Press "Enter" to skip to content

Russia’s new permafrost monitoring system could improve climate models, protect infrastructure

With the Arctic warming up to four times faster than the global average, temperatures in the frozen soil, or permafrost, under northern Siberia have been rising, turning firm ground unstable and weakening foundations. On 29 May 2020, the thaw may have helped lead to a disaster, when a diesel fuel depot near the town of Norilsk collapsed and spilled more than 21,000 tons of fuel into a small river. The pollution turned the river rusty-red and ultimately reached the Arctic Ocean. The owner of the fuel depot, Norilsk Nickel, the world’s largest miner of nickel and palladium, was fined almost $2 billion for the spill—the largest settlement for an environmental disaster in Russian history.

Now, the disaster has spurred the government to set up the first national system to monitor Russia’s permafrost—the world’s largest expanse of frozen soil, covering two-thirds of the nation. In October, President Vladimir Putin gave the go-ahead to a new $21 million system of 140 monitoring stations that could begin to deliver data as soon as 2023. Sensors placed in boreholes up to 30 meters deep will measure the temperature of permafrost at various depths, a critical parameter for tracking both the growing hazard thawing ground poses to infrastructure and the broader climate threat: that the thaw could release billions of tons of carbon into the atmosphere.
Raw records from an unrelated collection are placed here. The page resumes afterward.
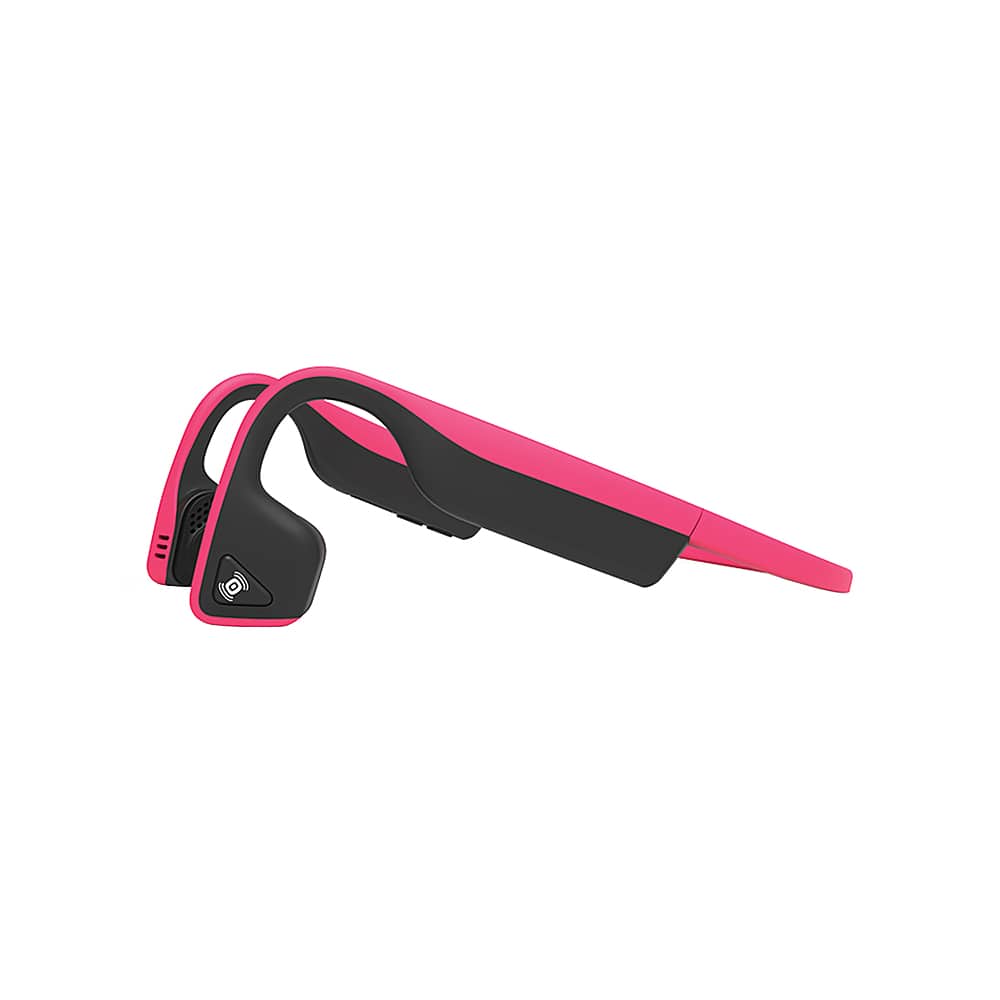 Left. AfterShokz - Titanium Mini Wireless Bone Conduction Open-Ear Headphones - Pink.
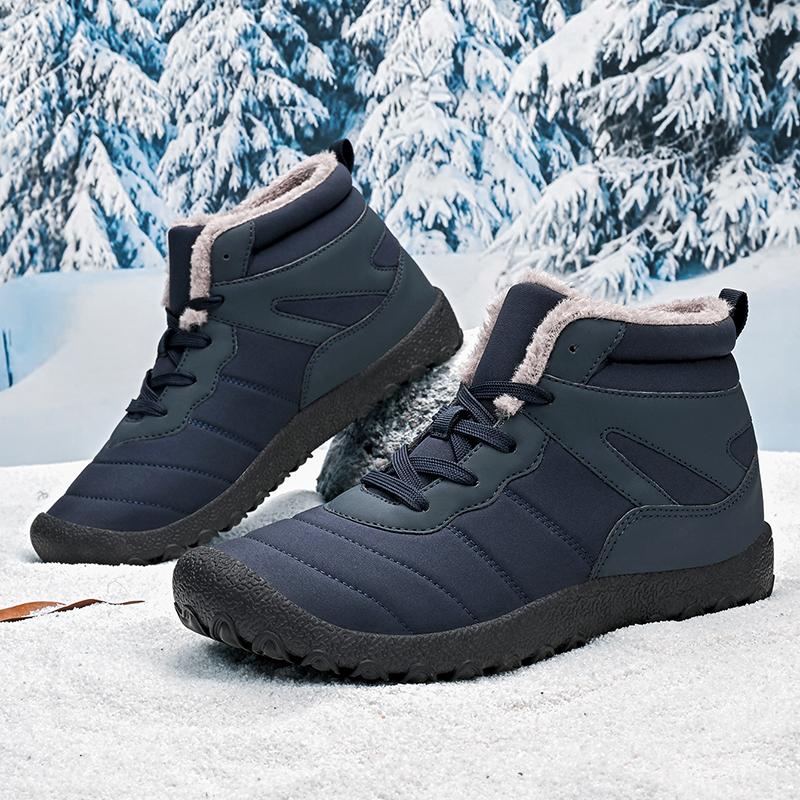 Men's Snow Boots High-top Cotton-padded Shoes Warm Plush Shoes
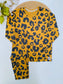 George Cheetah Print Shirt and Trouser Set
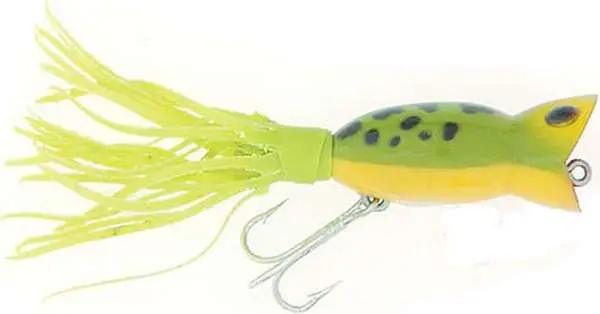 ARBO HULA POP 3/8 2" FROG YEL BLY - Arbogast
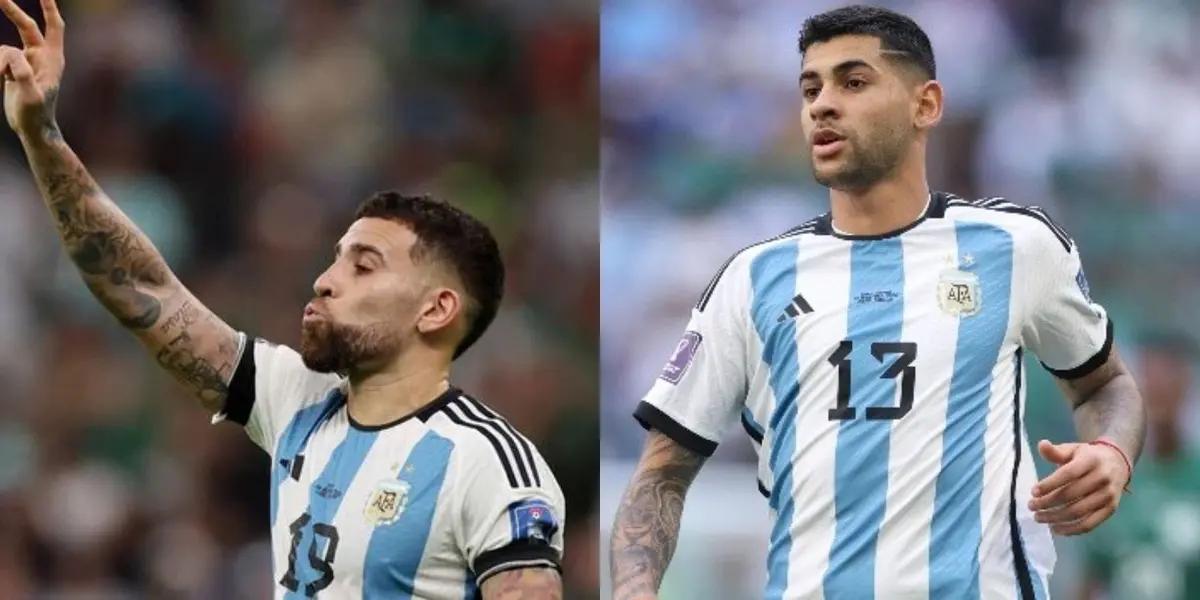 Los defensores de Argentina son titulares ante el equipo europeo, y juntos protagonizaron un hecho llamativo.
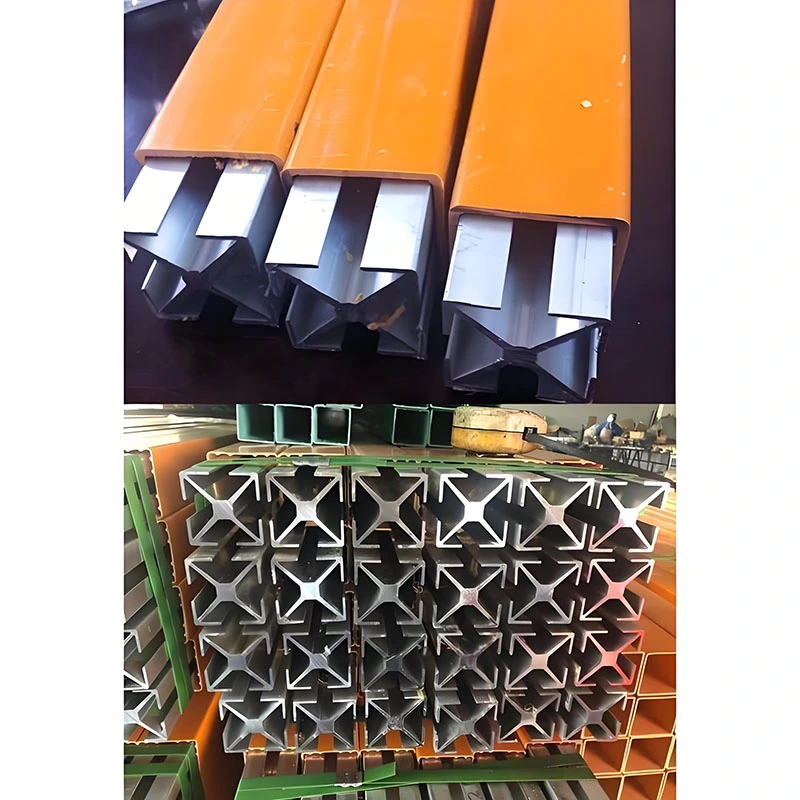 6063 Alüminium ərintisi keçirici çubuq dəmir yolu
Researchers say the new nodes will bolster a patchy system of some 440 boreholes, run by research organizations and private companies like Norilsk Nickel, that had been in place since the collapse of the Soviet Union. “There was no national system at all, which was such a shame, and now we may get one,” says Dmitry Streletskiy, a climatologist at George Washington University who co-leads the Circumpolar Active Layer Monitoring program, which has supported more than 250 sites globally and 75 in Russia since the 1990s with funding from the U.S. National Science Foundation. “I’ve been arguing for years that we need one.”

The origin of the national monitoring system can be traced to a 2020 report authored by researchers from permafrost-focused institutes in Russia and commissioned by Alexander Kozlov, who was then minister for the development of the Russian Far East and Arctic. Kozlov later became the minister of natural resources and the environment, where he oversaw plans for the current system, which will be operated by Roshydromet, the state weather agency that operates under the aegis of the environment ministry.

Marat Sadurtdinov, who heads the Earth Cryosphere Institute in Tyumen and was a co-author of the report, is disappointed by the current plan. In the report, the researchers called for a larger $160 million system that would have tracked other parameters in addition to temperature, such as moisture or ice content, and would have been operated by an independent interagency entity.
Sadurtdinov is concerned that the system will not gather enough information to provide warnings to the owners of vulnerable roads, pipelines, and buildings, and that Roshydromet’s weather stations may not be the ideal locations for permafrost measurements. “We’ve talked about this everywhere, and the ministry knows it and is listening to us,” Sadurtdinov says.

In a statement provided to Science, the environment ministry insists there is “no contradiction” between the commissioned report and its plans. It says Roshydromet was picked to lead the system in part because attaching the permafrost stations to the existing network of weather stations will minimize costs. Roshydromet has assigned the design and rollout of the system to the Arctic and Antarctic Research Institute (AARI), which currently has five permafrost monitoring sites in the Russian Arctic. Aleksandr Makarov, AARI director, says the first nodes could be deployed this summer.

The nodes would add to the sparse data sets used to calibrate climate models that predict changes in permafrost. Knowing how fast the permafrost is warming and thawing is critical to assessing the fate of the trillion or more tons of carbon in the frozen organic matter—more than the atmosphere now holds. Once it thaws, microbes could decompose the organic matter and release the carbon to the air—exacerbating global warming via the so-called “permafrost feedback.” Researchers rely on models, says Oleg Anisimov, who heads climate change research at the State Hydrological Institute, because “you can’t stick a sensor into every swamp to see what’s going on with carbon emissions.”

Adding sensors for carbon dioxide and methane would make the network even more powerful, says Guido Grosse, who studies permafrost at the Alfred Wegener Institute. But he agrees that even temperature data can help calibrate the modeling estimates for permafrost carbon fluxes, and he hopes researchers outside Russia will have access to the readings via the Global Terrestrial Network for Permafrost, which gathers data from existing boreholes. “It’s important that the data becomes available to the scientific community at large—not 10 years from now but as soon as possible,” he says.